_INSTRUCTIONS FOR THE TASK_.
Exact copy, no pictures: return all the data below as written.

_SUPPLIED MATERIAL_.

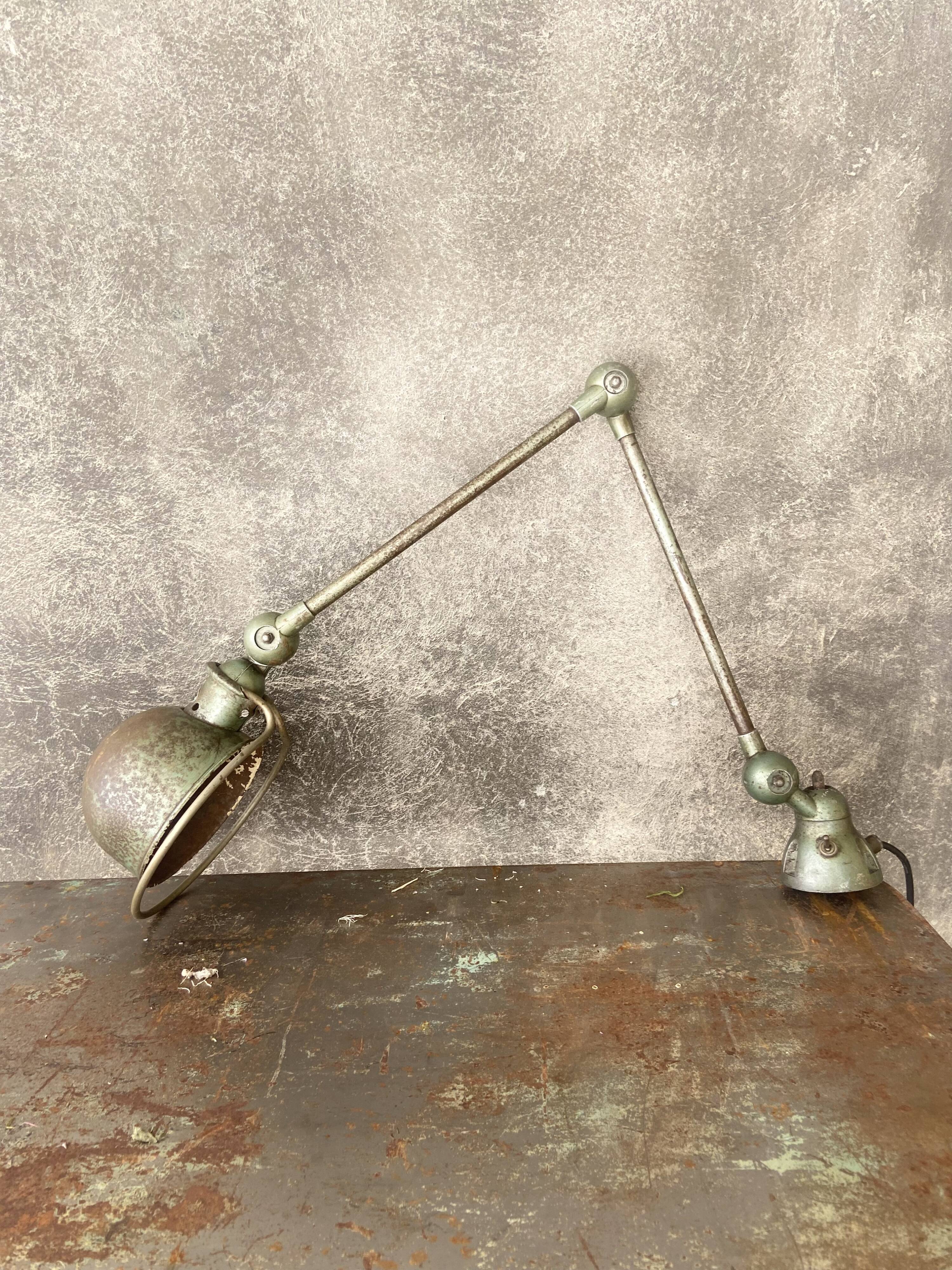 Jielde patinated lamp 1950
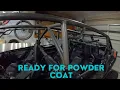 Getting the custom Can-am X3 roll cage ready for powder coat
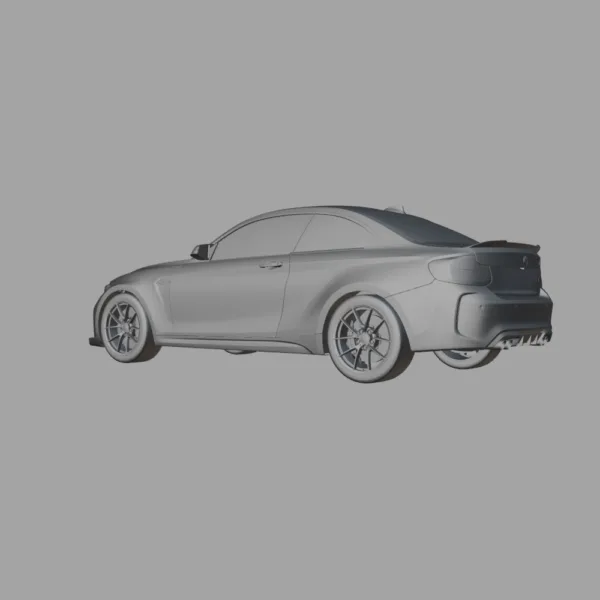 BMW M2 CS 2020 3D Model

_TASK ANSWER_.
 Jielde patinated lamp 1950
 Getting the custom Can-am X3 roll cage ready for powder coat
 BMW M2 CS 2020 3D Model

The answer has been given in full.